Captioned web image data

####

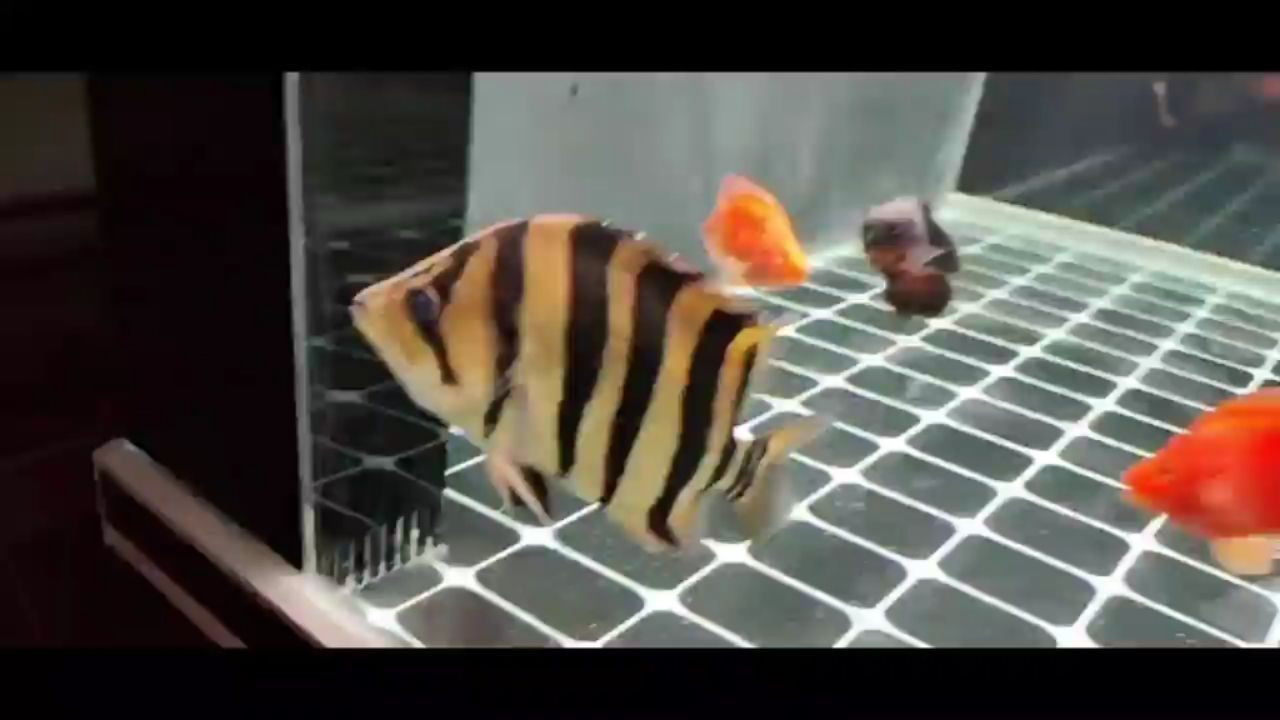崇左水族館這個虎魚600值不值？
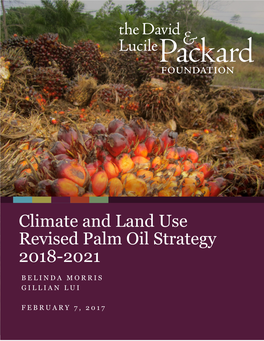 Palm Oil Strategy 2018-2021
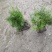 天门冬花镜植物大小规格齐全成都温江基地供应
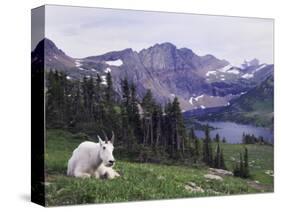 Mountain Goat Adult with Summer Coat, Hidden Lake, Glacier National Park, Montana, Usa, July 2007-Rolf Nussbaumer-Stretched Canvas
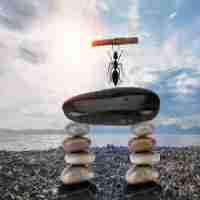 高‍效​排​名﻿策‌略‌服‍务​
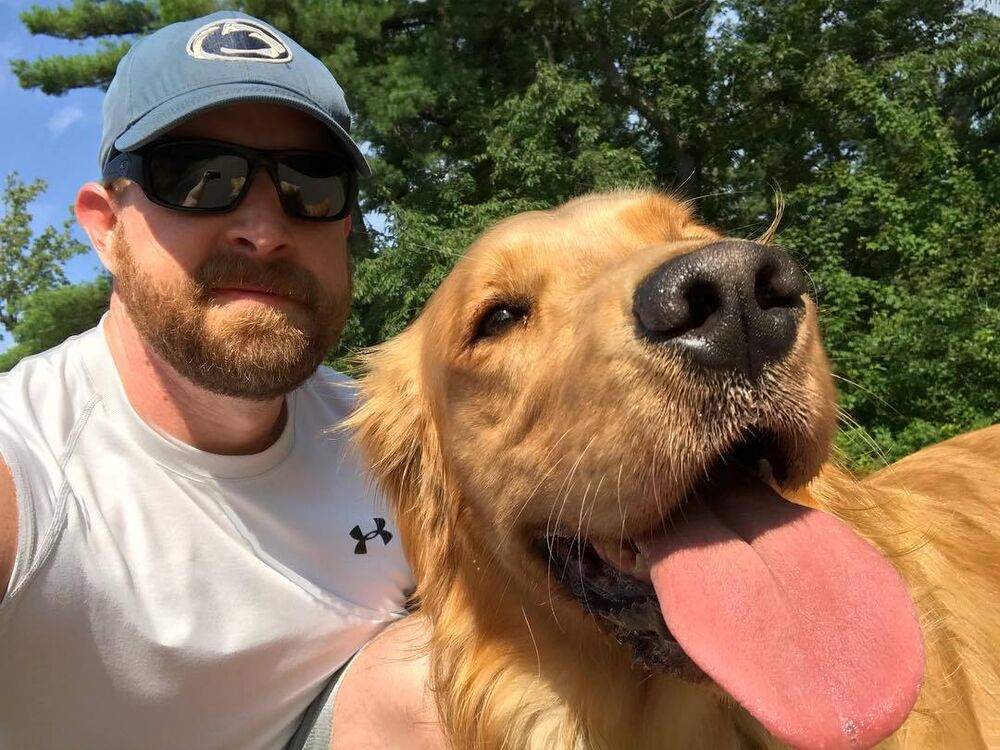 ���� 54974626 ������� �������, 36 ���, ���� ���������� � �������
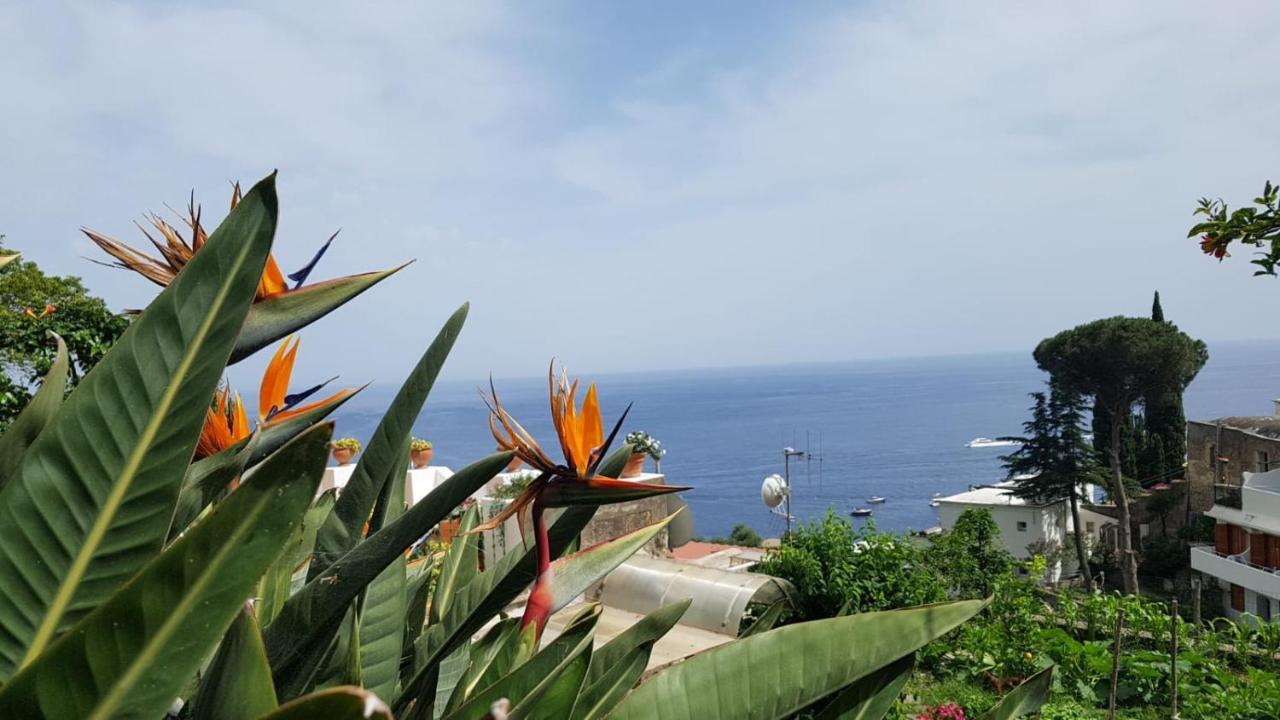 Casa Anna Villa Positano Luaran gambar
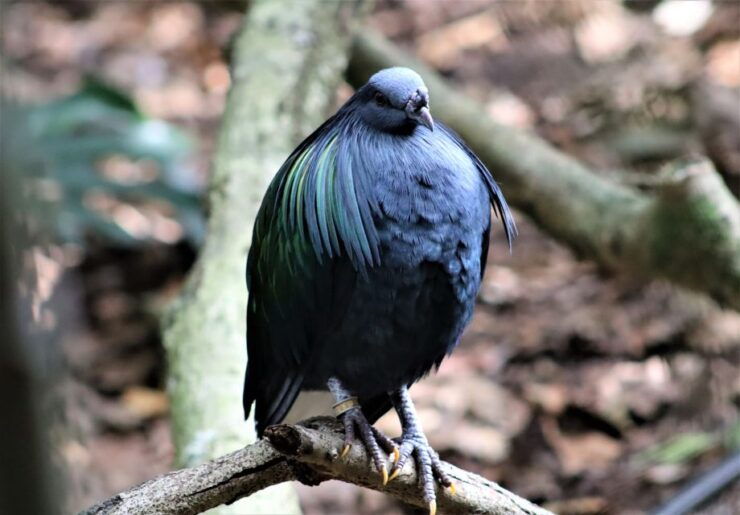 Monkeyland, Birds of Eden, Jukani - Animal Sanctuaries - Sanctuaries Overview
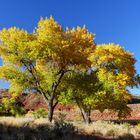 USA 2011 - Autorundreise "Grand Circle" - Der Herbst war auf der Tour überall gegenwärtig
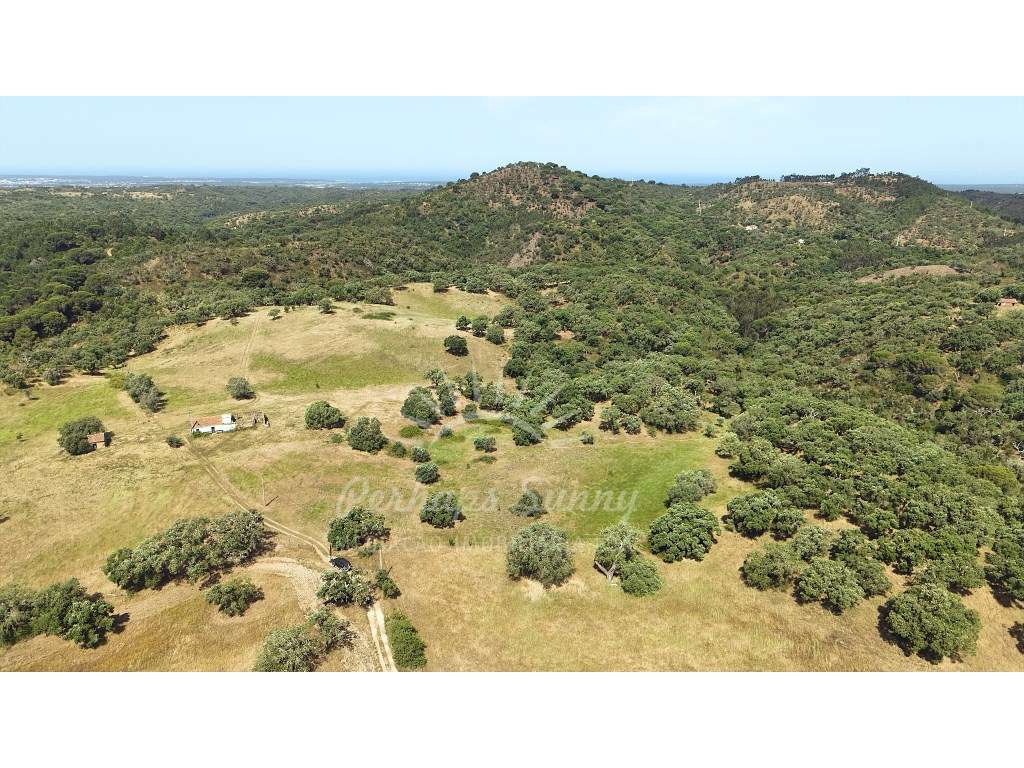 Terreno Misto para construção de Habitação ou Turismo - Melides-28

####

## Problem statement
Retype the data exactly; images stay out.

## Result for this task
崇左水族館這個虎魚600值不值？
 Palm Oil Strategy 2018-2021
 天门冬花镜植物大小规格齐全成都温江基地供应
 Mountain Goat Adult with Summer Coat, Hidden Lake, Glacier National Park, Montana, Usa, July 2007-Rolf Nussbaumer-Stretched Canvas
 高‍效​排​名﻿策‌略‌服‍务​
 ���� 54974626 ������� �������, 36 ���, ���� ���������� � �������
 Casa Anna Villa Positano Luaran gambar
 Monkeyland, Birds of Eden, Jukani - Animal Sanctuaries - Sanctuaries Overview
 USA 2011 - Autorundreise "Grand Circle" - Der Herbst war auf der Tour überall gegenwärtig
 Terreno Misto para construção de Habitação ou Turismo - Melides-28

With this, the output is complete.